Perhaps it was a golden age of sorts, but it was also a golden age of ignorance. Sure, people could play whatever they wanted, but only due to the total lack of organized strategies. This series of unorganized and non-optimized laning setups could only function in a period without serious competitive team play. Once the first true professional teams began to emerge, it was inevitable that more efficient setups would be discovered, and anyone who failed to keep up with the new discoveries would be left in the dust. Oh, you could keep running your Rammus/Amumu top lane, but you weren't going to be winning very often against skilled players. The game had changed.
The first real metagame shift took place in the first half of 2010. I would call this Stage One of the metagame: the recognition that running two duo lanes was strictly inferior to running two solo lanes + a jungler. This might seem obvious now, but it was heavily debated at the time. There were many people who insisted that running a 2 vs 1 lane somewhere on the map, and having the chance to kill the solo laner/push down that tower quickly, would be more effective than employing a jungler.

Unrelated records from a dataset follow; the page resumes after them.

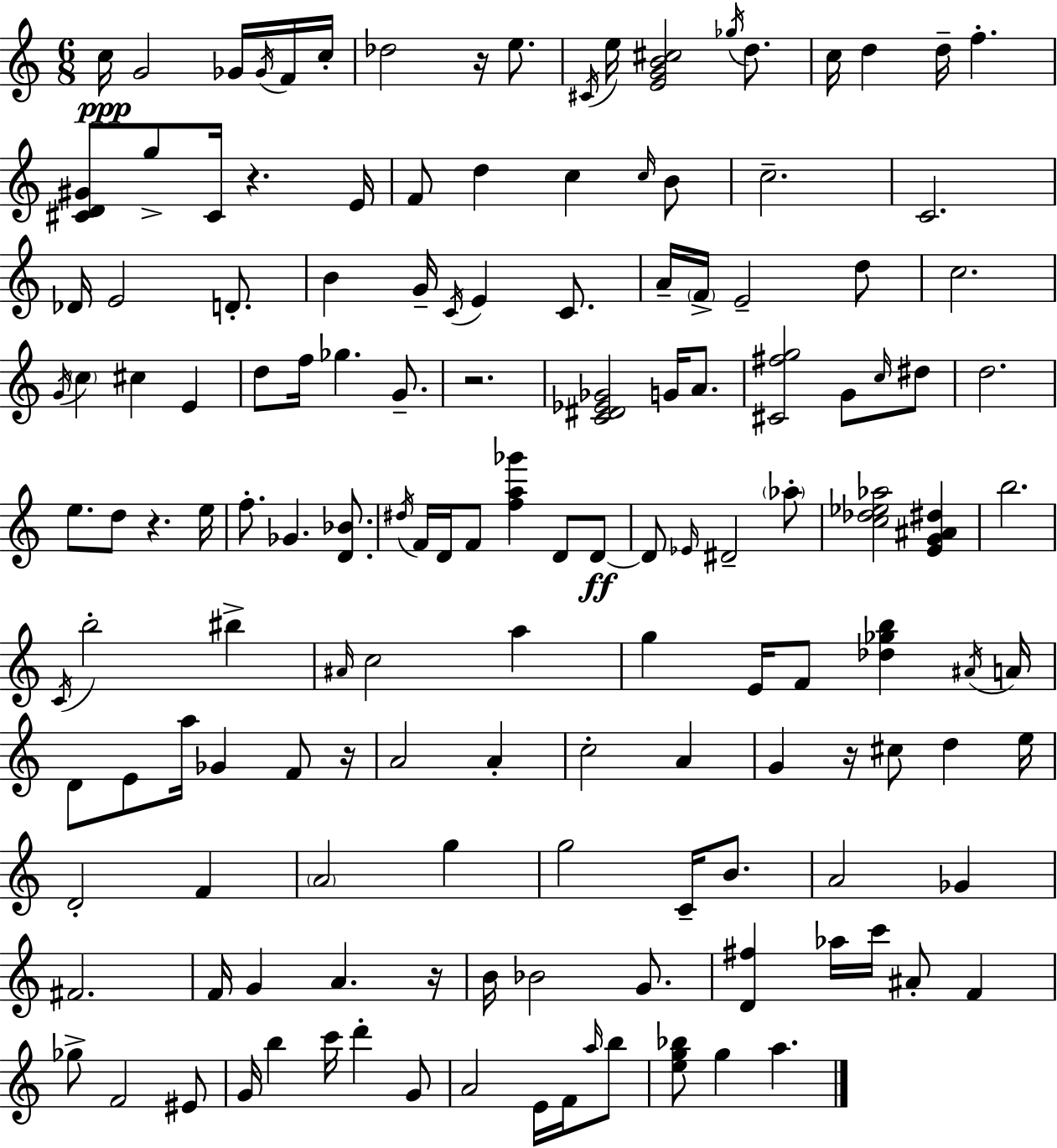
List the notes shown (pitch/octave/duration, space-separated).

C5/s G4/h Gb4/s Gb4/s F4/s C5/s Db5/h R/s E5/e. C#4/s E5/s [E4,G4,B4,C#5]/h Gb5/s D5/e. C5/s D5/q D5/s F5/q. [C#4,D4,G#4]/e G5/e C#4/s R/q. E4/s F4/e D5/q C5/q C5/s B4/e C5/h. C4/h. Db4/s E4/h D4/e. B4/q G4/s C4/s E4/q C4/e. A4/s F4/s E4/h D5/e C5/h. G4/s C5/q C#5/q E4/q D5/e F5/s Gb5/q. G4/e. R/h. [C4,D#4,Eb4,Gb4]/h G4/s A4/e. [C#4,F#5,G5]/h G4/e C5/s D#5/e D5/h. E5/e. D5/e R/q. E5/s F5/e. Gb4/q. [D4,Bb4]/e. D#5/s F4/s D4/s F4/e [F5,A5,Gb6]/q D4/e D4/e D4/e Eb4/s D#4/h Ab5/e [C5,Db5,Eb5,Ab5]/h [E4,G4,A#4,D#5]/q B5/h. C4/s B5/h BIS5/q A#4/s C5/h A5/q G5/q E4/s F4/e [Db5,Gb5,B5]/q A#4/s A4/s D4/e E4/e A5/s Gb4/q F4/e R/s A4/h A4/q C5/h A4/q G4/q R/s C#5/e D5/q E5/s D4/h F4/q A4/h G5/q G5/h C4/s B4/e. A4/h Gb4/q F#4/h. F4/s G4/q A4/q. R/s B4/s Bb4/h G4/e. [D4,F#5]/q Ab5/s C6/s A#4/e F4/q Gb5/e F4/h EIS4/e G4/s B5/q C6/s D6/q G4/e A4/h E4/s F4/s A5/s B5/e [E5,G5,Bb5]/e G5/q A5/q.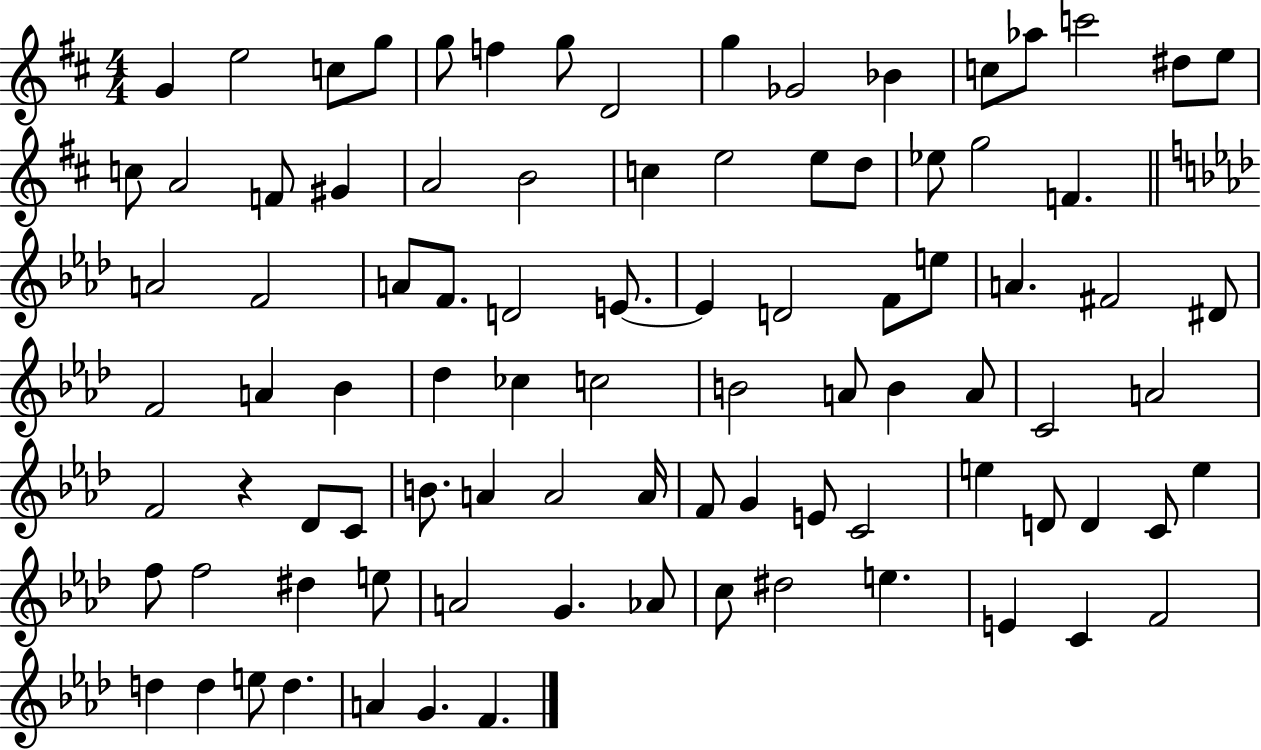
G4/q E5/h C5/e G5/e G5/e F5/q G5/e D4/h G5/q Gb4/h Bb4/q C5/e Ab5/e C6/h D#5/e E5/e C5/e A4/h F4/e G#4/q A4/h B4/h C5/q E5/h E5/e D5/e Eb5/e G5/h F4/q. A4/h F4/h A4/e F4/e. D4/h E4/e. E4/q D4/h F4/e E5/e A4/q. F#4/h D#4/e F4/h A4/q Bb4/q Db5/q CES5/q C5/h B4/h A4/e B4/q A4/e C4/h A4/h F4/h R/q Db4/e C4/e B4/e. A4/q A4/h A4/s F4/e G4/q E4/e C4/h E5/q D4/e D4/q C4/e E5/q F5/e F5/h D#5/q E5/e A4/h G4/q. Ab4/e C5/e D#5/h E5/q. E4/q C4/q F4/h D5/q D5/q E5/e D5/q. A4/q G4/q. F4/q.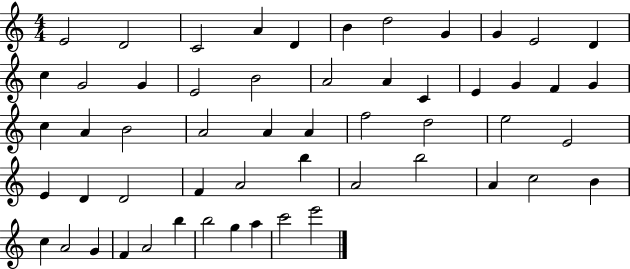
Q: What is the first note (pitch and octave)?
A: E4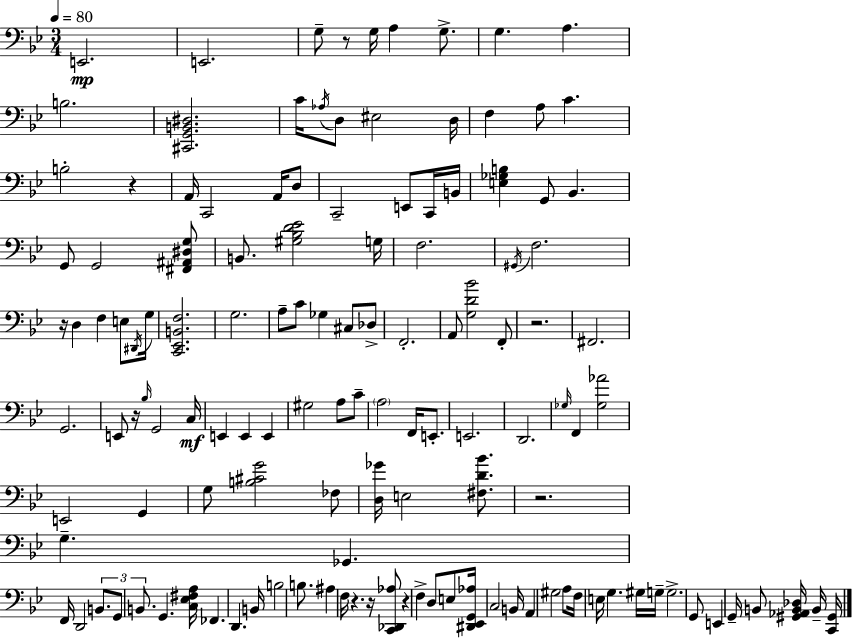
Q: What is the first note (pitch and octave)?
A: E2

Over time, the superior experience and gold gain from farming another source of income (and two sources of income, if the other team didn't have their own jungler) gradually convinced nearly everyone that running a jungler was a good idea. If you had any desire to win, you were far better off making sure that you took someone who could farm the jungle. The unpredictability of the jungler, someone who is visibly off the map and not in any lane, was another powerful argument in its favor. These were enough to shift the metagame away from a 2/1/2 laning setup towards the now-common 1/1/2 + jungler. My point is that something which seems obvious in retrospect was not obvious at the time. It took months of community experience to work this out. Once it took hold, however, it became a permanent part of the League of Legends gameplay. Riot would have to make gigantic changes to the gameplay at this point to see the jungler disappear, and that simply will not happen. The jungler is here to stay.
Of course, not every champion could be a jungler. In the early days of jungling, it took specialized rune setups and particular champions who could jungle without dying to the neutral minions. Warwick's kit made him the first true jungling champion, and other champs with similar tanky bruiser setups followed in his wake. Soon enough, teams had to make sure that they had one of this limited pool of junglers on their team if they wanted to ensure a decent chance of winning. But wait, this meant that there was less freedom in what players could choose to pick, oh no! "What do you mean I have to jungle? Stupid metagame, argh!" The arrival of the jungler signaled the first limitation on team composition, and narrowed the range of total options. The metagame had weeded out an ineffective strategy (two duo lanes) and replaced it with a more efficient setup (two solo lanes and a jungler). Further developments would continue down the same path, limiting potential options to the most optimal team compositions.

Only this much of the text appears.